■ What to work on:
Exactly as they appear, output all of the records. Skip any images.

── Dataset records

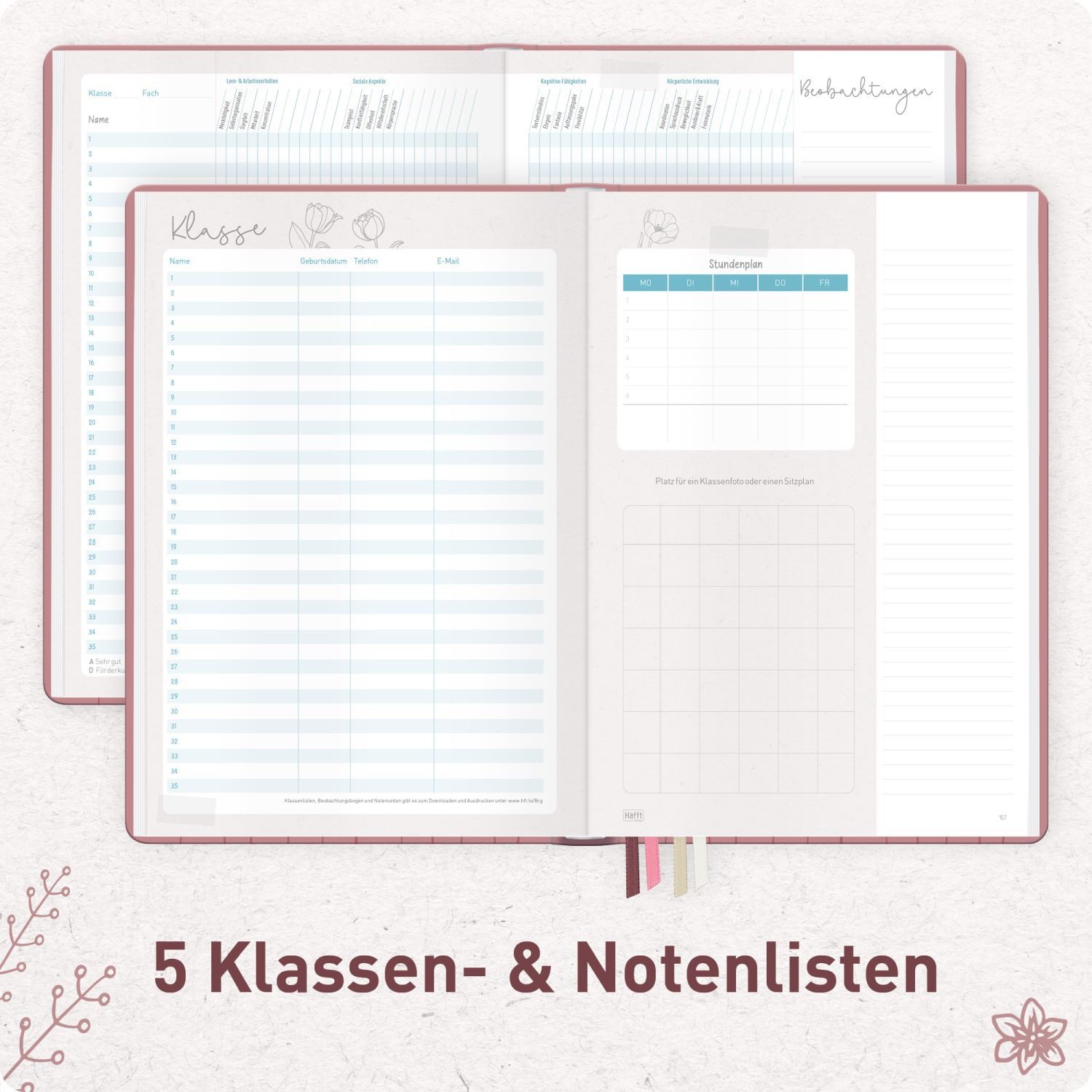 Häfft Lehrerkalender Lehrer-Planer Grundschule Maxi 2026/2027 / A4+ – Bild 5 von 5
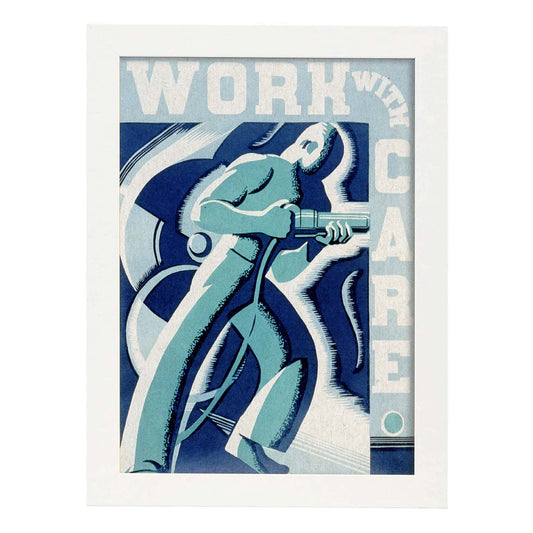 Poster vintage. Cartel vintage " trabaja con cuidado" Riesgos laborales.-Artwork-Nacnic-A4-Marco Blanco-Nacnic Estudio SL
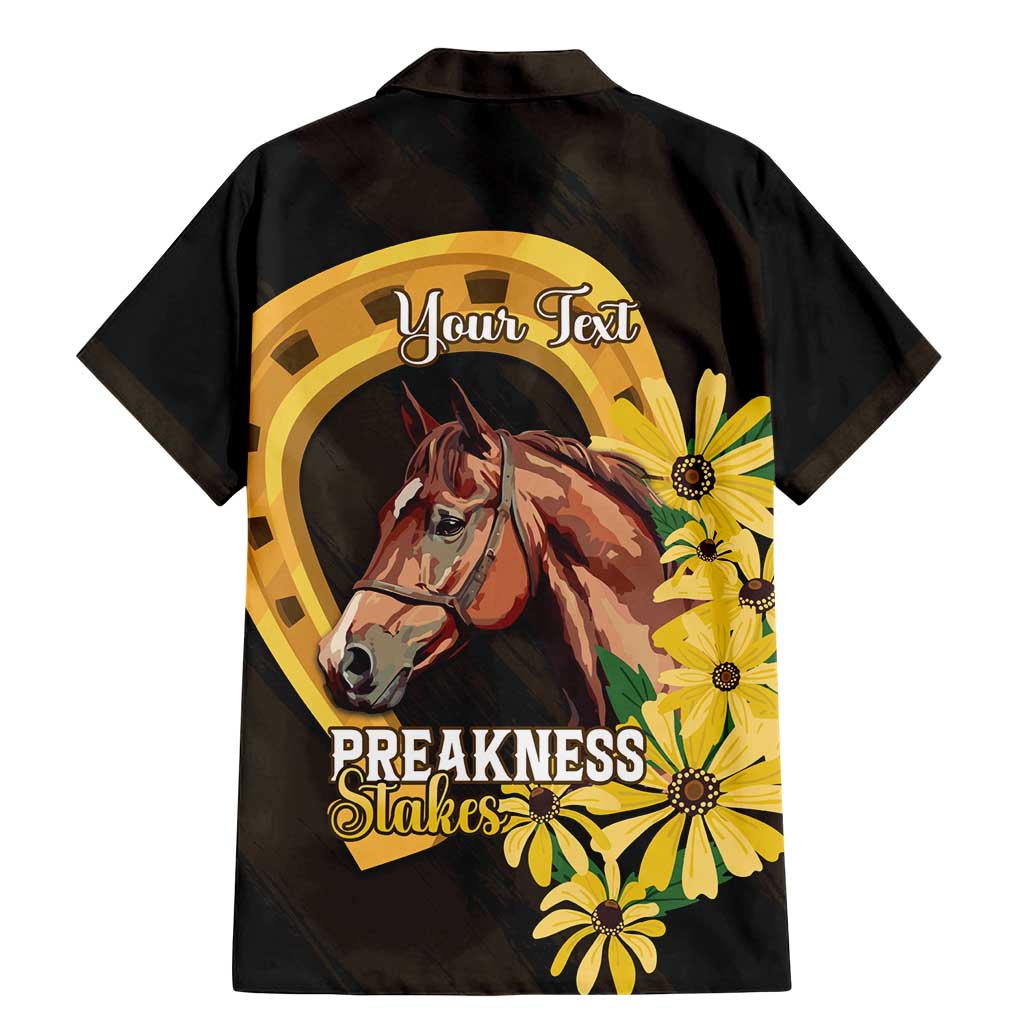 Personalized Preakness Horse Racing Family Matching Mermaid Dress and Hawaiian Shirt Horseshoe With Black-Eyed Susans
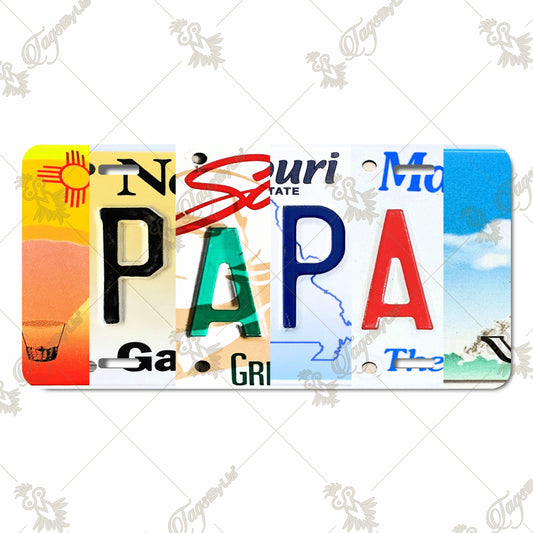 Aluminum License Plate Sign with Vintage State License Plate Letters Spelling 'PAPA' - Unique Decorative Sublimation Print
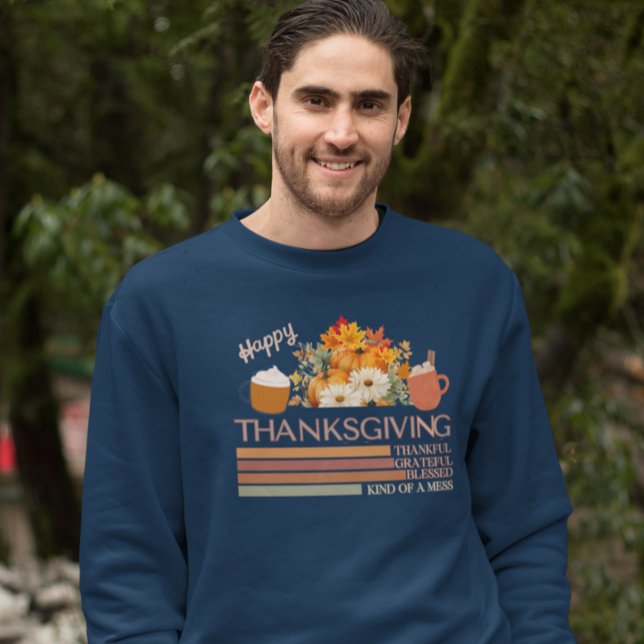 Tack och lov, design med bläck Thanksgiving Lång Ärmad Tröja (Skapare uppladdad)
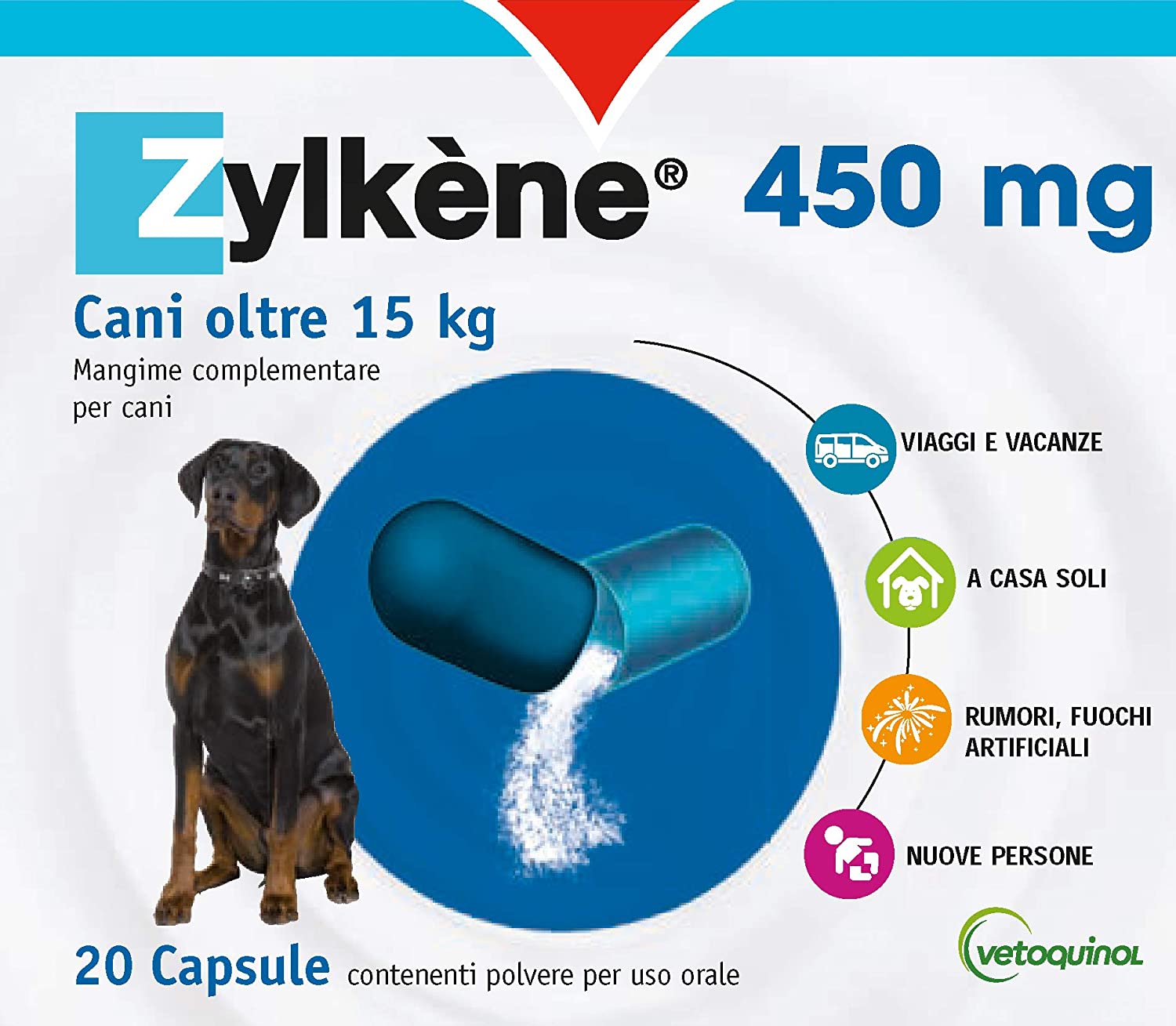  Vetoquinol Zylkene perros Suplementos Dietéticos 20 Cápsulas 450mg 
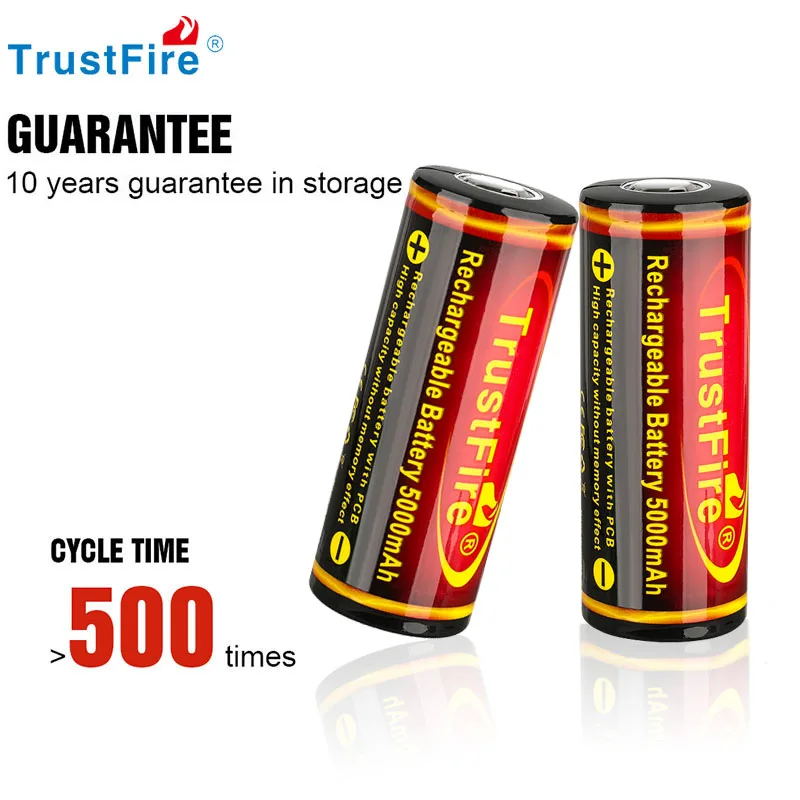 TrustFire 26650 5000mAh High Capacity 3.7V Lithium Battery 65MM NO PCB For Flashlight Power Bank Li-ion Rechargeable Batteries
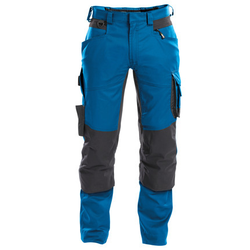 PANTALON DE TRAVAIL STRETCH DYNAX AZUR/GRIS AVEC POCHES GENOUX PC 245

────

■ Answer to this task:
 Häfft Lehrerkalender Lehrer-Planer Grundschule Maxi 2026/2027 / A4+ – Bild 5 von 5
 Poster vintage. Cartel vintage " trabaja con cuidado" Riesgos laborales.-Artwork-Nacnic-A4-Marco Blanco-Nacnic Estudio SL
 Personalized Preakness Horse Racing Family Matching Mermaid Dress and Hawaiian Shirt Horseshoe With Black-Eyed Susans
 Aluminum License Plate Sign with Vintage State License Plate Letters Spelling 'PAPA' - Unique Decorative Sublimation Print
 Tack och lov, design med bläck Thanksgiving Lång Ärmad Tröja (Skapare uppladdad)
  Vetoquinol Zylkene perros Suplementos Dietéticos 20 Cápsulas 450mg 
 TrustFire 26650 5000mAh High Capacity 3.7V Lithium Battery 65MM NO PCB For Flashlight Power Bank Li-ion Rechargeable Batteries
 PANTALON DE TRAVAIL STRETCH DYNAX AZUR/GRIS AVEC POCHES GENOUX PC 245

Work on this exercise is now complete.